Imagens mostram uma ilha de balsas tomando conta da região. Historicamente a exploração ilegal acontece no Alto Madeira, principalmente limítrofe ao estado de Rondônia, que em janeiro deste ano autorizou e regulamentou os garimpos no seu território e revogou um decreto que proibia a extração de minério no Madeira.
Com essa decisão se viu um invasão de garimpeiros em território amazonense. Tensão e medo acompanham os moradores da região, uma vez que garimpeiros costumam andar armados.
A Prefeitura de Autazes já informou que notificou o Instituto de Proteção Ambiental da Amazônia (Ipaam) e que também acionou a Marinha, a Polícia Federal e o Ministério Público Federal (MPF). Não há licenciamento para a exploração mineral naquela região.

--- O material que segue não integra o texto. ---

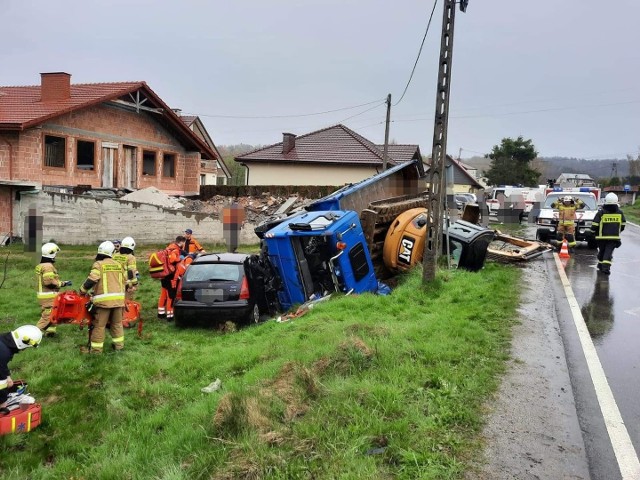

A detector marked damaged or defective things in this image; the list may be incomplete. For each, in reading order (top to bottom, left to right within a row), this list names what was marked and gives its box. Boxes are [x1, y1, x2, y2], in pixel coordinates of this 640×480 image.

overturned blue truck [248, 158, 492, 316]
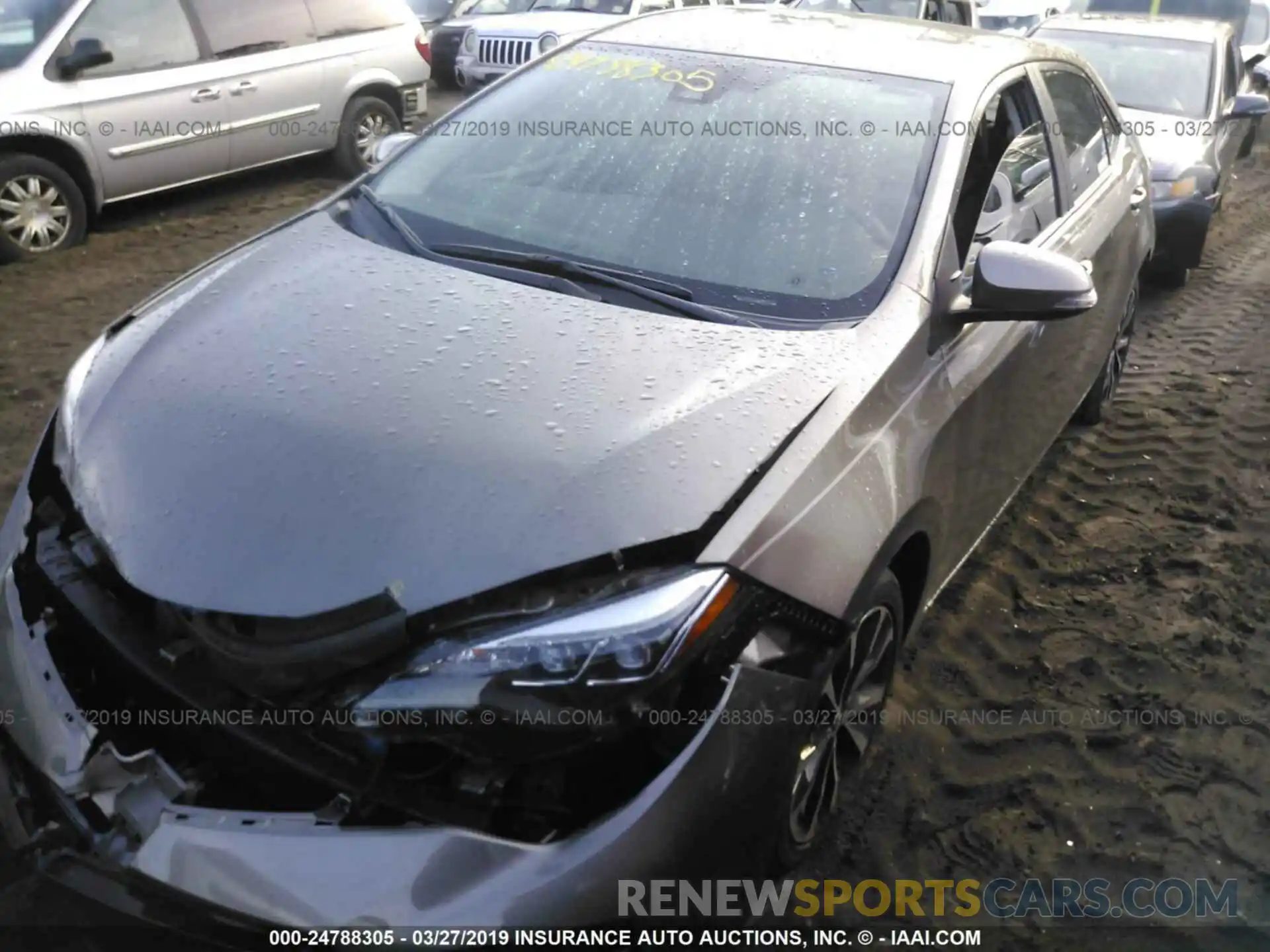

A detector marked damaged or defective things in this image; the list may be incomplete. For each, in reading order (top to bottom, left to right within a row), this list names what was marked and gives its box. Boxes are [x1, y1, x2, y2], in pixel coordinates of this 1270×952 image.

cracked front bumper [0, 465, 815, 926]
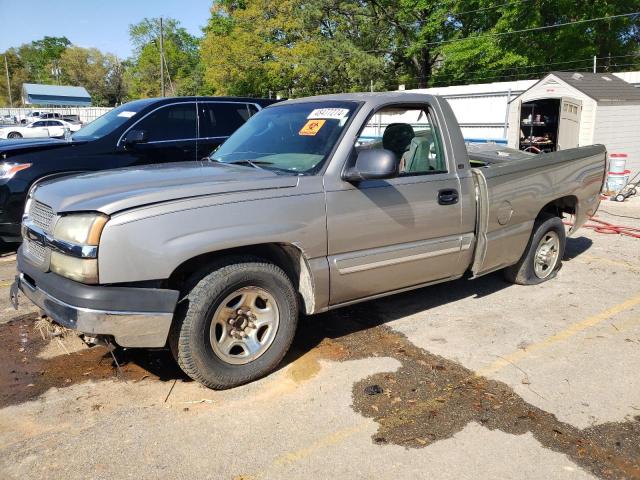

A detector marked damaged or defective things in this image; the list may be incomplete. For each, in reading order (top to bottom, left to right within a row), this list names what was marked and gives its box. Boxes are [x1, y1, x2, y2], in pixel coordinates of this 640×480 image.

damaged front bumper [11, 248, 180, 348]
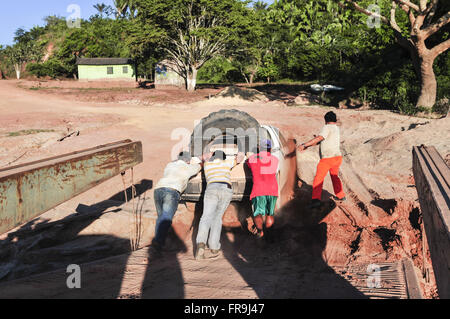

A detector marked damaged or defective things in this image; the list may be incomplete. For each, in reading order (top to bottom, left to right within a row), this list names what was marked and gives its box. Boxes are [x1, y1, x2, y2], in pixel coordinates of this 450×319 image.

rusted metal panel [0, 140, 142, 235]
rusty metal plate [0, 140, 142, 235]
rusted metal panel [414, 146, 448, 300]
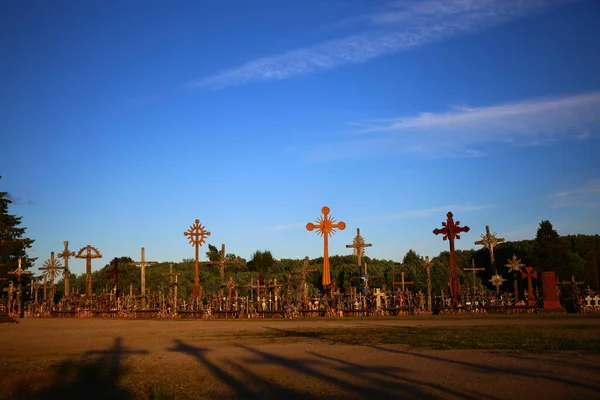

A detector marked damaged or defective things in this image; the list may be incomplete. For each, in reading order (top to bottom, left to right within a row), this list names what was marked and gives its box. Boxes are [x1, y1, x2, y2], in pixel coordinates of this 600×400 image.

rusted iron cross [184, 217, 210, 298]
rusted iron cross [308, 208, 344, 290]
rusted iron cross [346, 228, 370, 268]
rusted iron cross [434, 212, 472, 304]
rusted iron cross [520, 268, 540, 304]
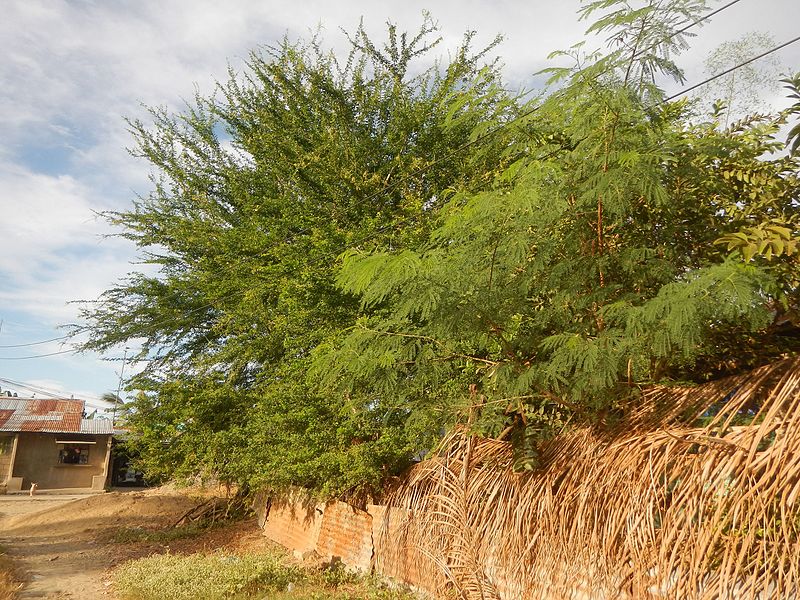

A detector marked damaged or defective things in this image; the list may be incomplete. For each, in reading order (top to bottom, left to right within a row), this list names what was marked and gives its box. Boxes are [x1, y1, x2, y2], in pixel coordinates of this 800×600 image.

rusty roof [0, 398, 112, 436]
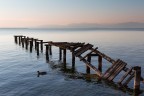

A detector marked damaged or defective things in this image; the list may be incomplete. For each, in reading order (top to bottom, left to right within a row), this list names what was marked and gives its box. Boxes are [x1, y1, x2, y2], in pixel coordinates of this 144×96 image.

broken wooden pier [13, 35, 144, 94]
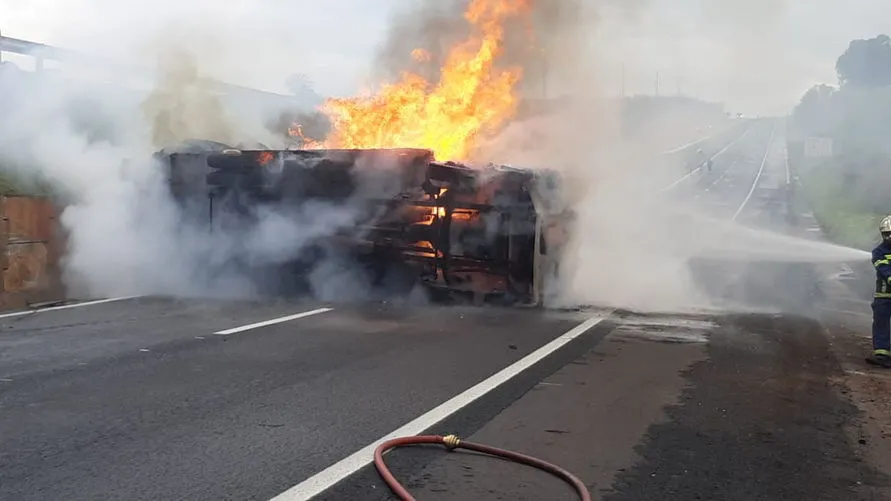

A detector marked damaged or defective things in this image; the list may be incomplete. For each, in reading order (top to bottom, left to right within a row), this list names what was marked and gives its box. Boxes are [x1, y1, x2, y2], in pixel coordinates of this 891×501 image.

burned debris [155, 144, 572, 304]
overturned truck [157, 141, 576, 304]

Informações preliminares são de que há cerca de 640 balsas numa região do rio localizada a cerca de 120 quilômetros de Manaus. A nova fase de corrida do ouro é ilegal e os órgãos ambientais informaram que farão um diagnóstico. Até lá, os leitos do rio seguirão sendo sugados, no fundo, e o material revolvido em busca do material precioso.
O Ipaam e órgãos federais tem competência comum na proteção das paisagens naturais, meio ambiente, combate à poluição e preservação das florestas. Segundo o Ipaam, está em andamento um plano para “realizar as devidas ações no âmbito de sua competência, integrado aos demais órgãos estaduais e federais”.